On the cruise I took in March, one of the egg dishes had artichoke on it. When it arrived, the artichoke was sliced in a crescent, down the middle. I'd never seen it presented that way. I've only had it either steamed whole or baby ones cut in quarters. This struck me as a great way to slice them for salad, as you would an avocado. Bit more work, but similar idea.
Like an avocado, you have to take precautions to avoid discoloration. I did it by steaming the flower first, then removing the inedible parts. You get a better yield that way anyway. A quick bath through lemon water after slicing gave them a shelf life of a couple hours, until the salad was served.
1. Trim off top 1/3 of artichoke and cut the stem end flat. Place in a saucepan with water to cover. Bring to a boil, then turn down heat to a simmer. Cover and cook until tender and leaves have darkened, about 15 minutes. Large buds will take longer.

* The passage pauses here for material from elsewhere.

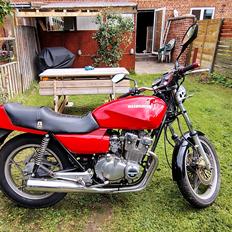 Suzuki gsx400f katana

2. Turn upside down on cutting board and remove leaves with a sharp knife, taking off as little of the "meat as possible. When you get down to the most tender leaves, turn the bud right side up and pull them off, exposing the choke.
3. With a tomato corer or melon baller, scrape out choke hairs. What remains is the heart, a disappointingly small disc compared to what you started with.
4. Slice thinly, straight across. Except for a couple of slices on the outside, you'll get crescents. Drizzle with lemon juice if not serving immediately, and use to garnish salads or other dishes.